● DATASET EXCERPT

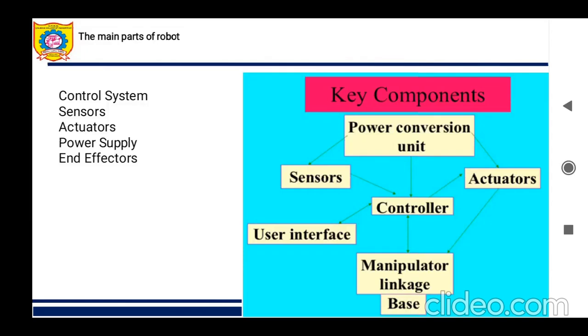Welcome to our video. Here we will be dealing about the main parts of a robot. As noted on the slide: control system, sensors, actuators, power supply, and end effectors — these are the main parts of the robot.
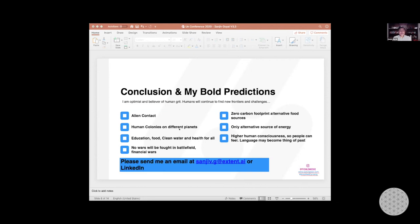So we are pretty small group. Maybe we can introduce ourselves. By the way, I'm Sanjeev Goyal and I run an AI company called Extend AI.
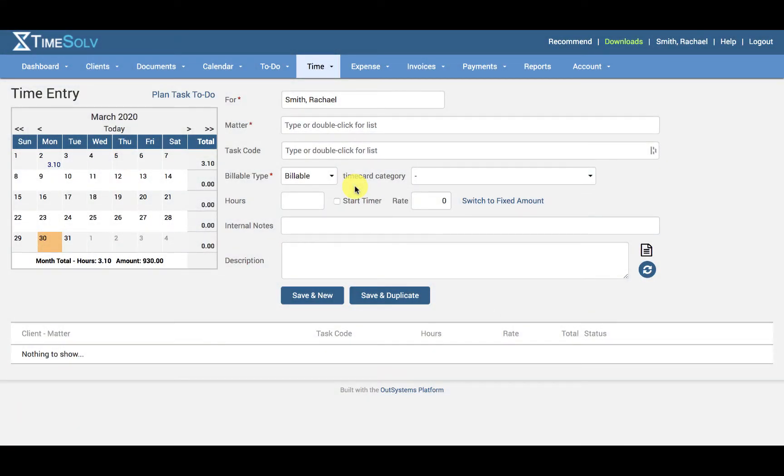In this video I'll be walking you through how to create, view, download and send out draft invoices.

● YOUR OBJECTIVE
Please return the full listing exactly as given, with the images left out.

● COMPLETED TASK
Welcome to our video. Here we will be dealing about the main parts of a robot. As noted on the slide: control system, sensors, actuators, power supply, and end effectors — these are the main parts of the robot.
So we are pretty small group. Maybe we can introduce ourselves. By the way, I'm Sanjeev Goyal and I run an AI company called Extend AI.
In this video I'll be walking you through how to create, view, download and send out draft invoices.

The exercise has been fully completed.